= Assignment =
All pictures are to be dropped, and everything else in the data duplicated exactly.

= Provided material =
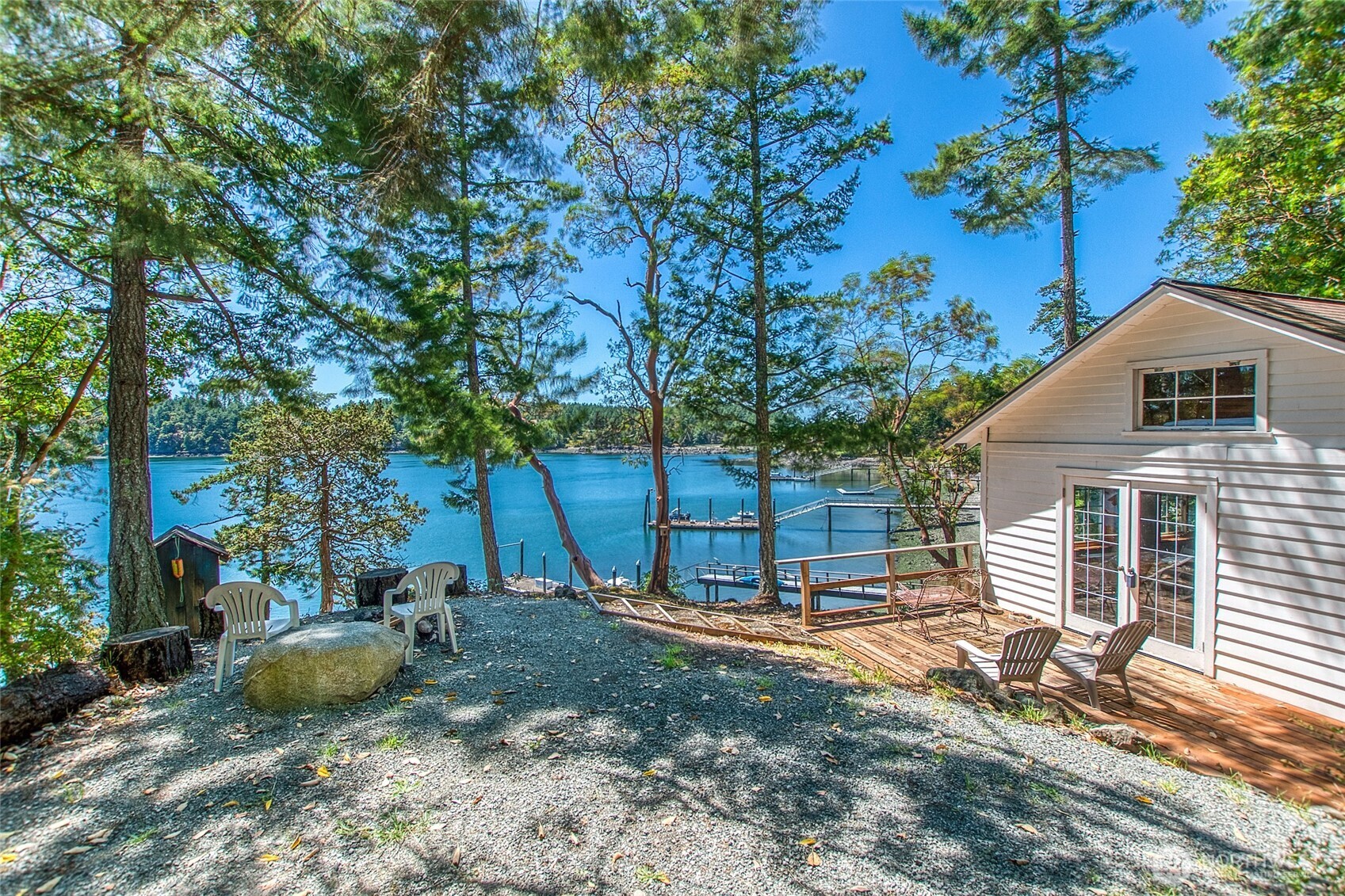 6998 Deer Harbor Road Property Photo 1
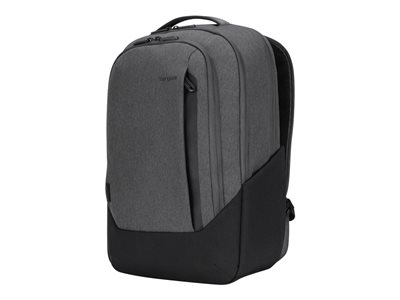 Targus Cypress Hero Backpack with EcoSmart - Batoh na notebook - 15.6" - šedá TBB58602GL
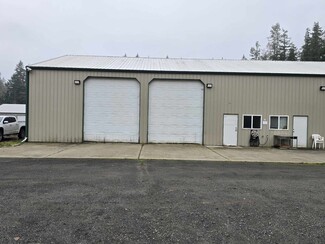 Plus de détails pour 17708 Widme Rd NE, Poulsbo, WA - Industriel/Logistique à louer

= Solution to this task =
 6998 Deer Harbor Road Property Photo 1
 Targus Cypress Hero Backpack with EcoSmart - Batoh na notebook - 15.6" - šedá TBB58602GL
 Plus de détails pour 17708 Widme Rd NE, Poulsbo, WA - Industriel/Logistique à louer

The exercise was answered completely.